La Belgique est un État de droit, elle ne peut pas se permettre de violenter des accusés, qui même s’ils ne sont pas des enfants de chœurs, sont présumés innocents jusqu’à la fin du procès. Ce qui se passe est grave. Même si on imagine bien qu’il y a pu y avoir de la provocation ou un refus d’obtempérer de la part de l’accusé, il est impératif de trouver des méthodes moins violentes. Pour bien comprendre, il faut savoir que les prévenus ne sont pas autorisés à refuser de comparaître. On va continuer à les extraire chaque matin de leur cellule, quitte à ce qu’ils demandent à repartir dans l’autre sens une fois arrivés à l’audience.

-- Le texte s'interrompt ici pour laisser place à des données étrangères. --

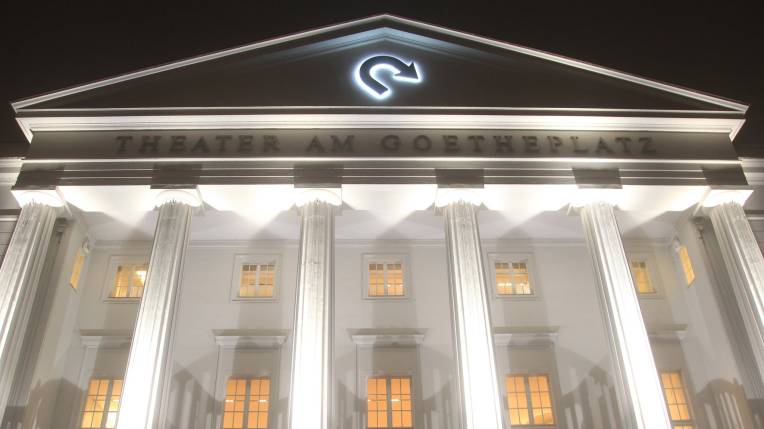 Weser-Kurier Theaterevent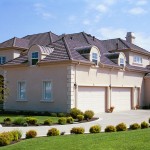 Standing Seam Copper Dormer Roofs Copper Dormer Roof 3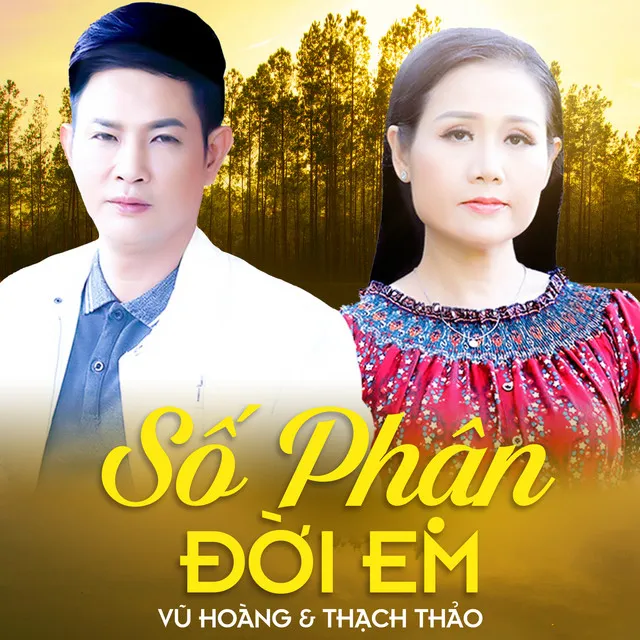 Số Phận Đời Em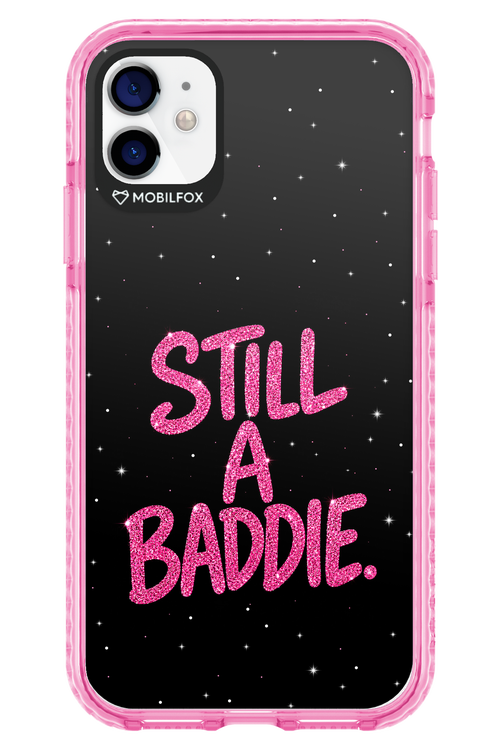 Baddie 2.0 - Apple iPhone 11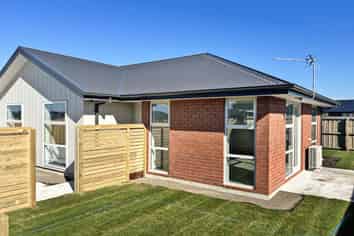 625 East Maddisons Road, Rolleston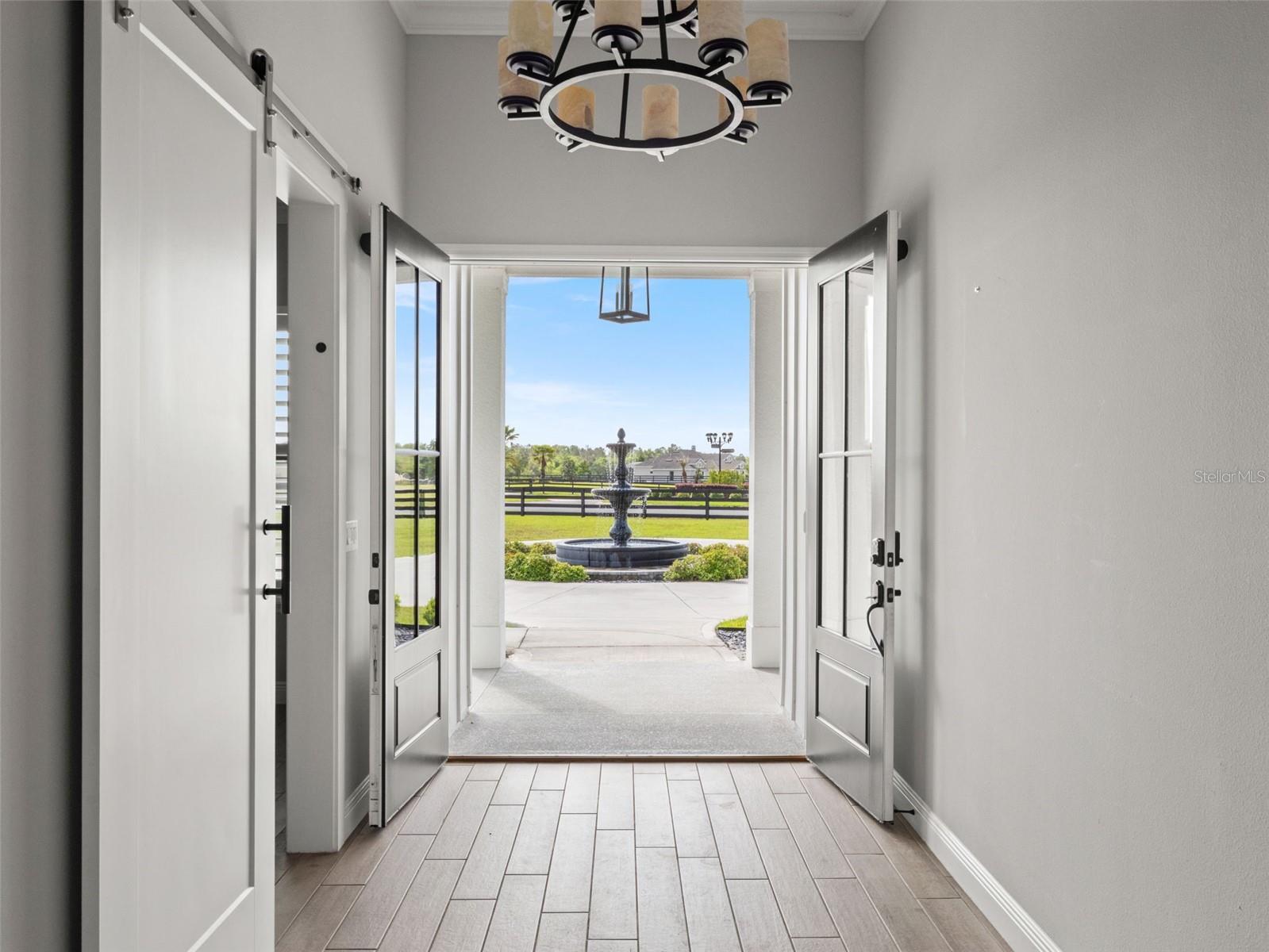RESERVE AT LAKE SENECA - Residential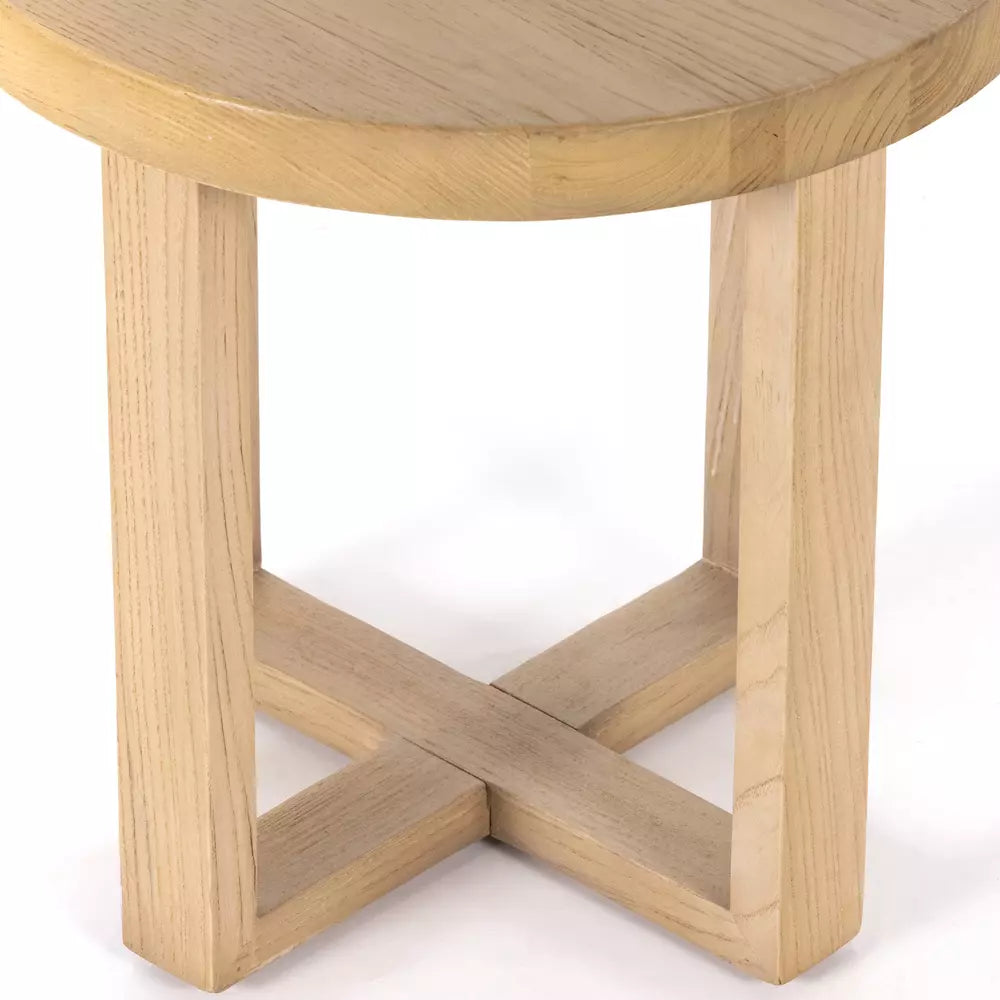 Liad End Table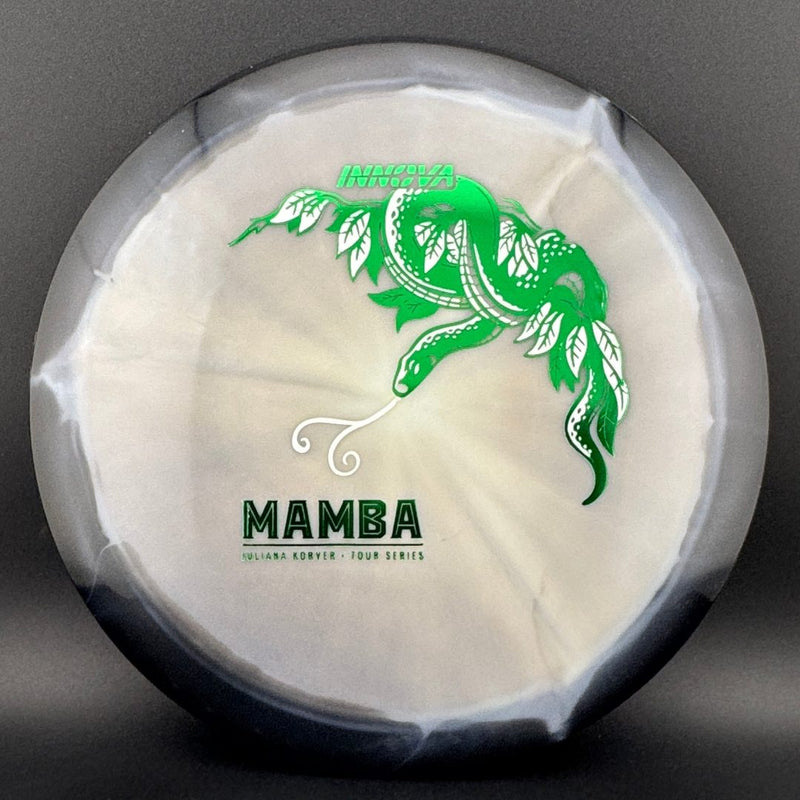 Load image into Gallery viewer, Proto Glow Halo Star Mamba - Juliana Korver 2026 Tour Series
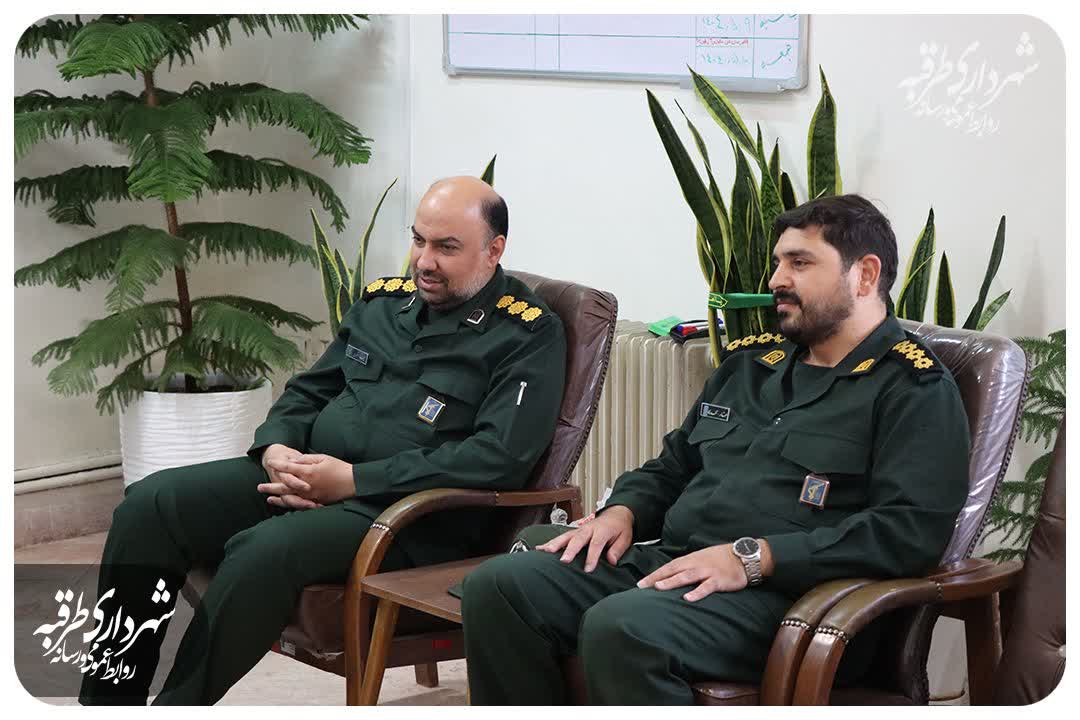 اخبار طرقبه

La Présidente de la cour d’assises a fait parvenir un courrier à Vincent Van Quickenborne pour lui expliquer la situation et les doléances de ces accusés. C’est là que les deux informations se rejoignent. Là et aussi dans ce sentiment que la justice et la sécurité ne sont jamais acquises pour toujours. Qu’il nous faut rester vigilants chaque jour. Être conscient qu’après la réalité de l’agression terroriste, nous faisons face à une autre menace, celle des narcos trafiquants. Et que ce n’est qu’en réaffirmant nos principes de droits, en refusant de répondre aux provocations et aussi en se donnant les moyens de contrer ces différents types de criminalités, que nous pourrons résister aux coups de boutoir.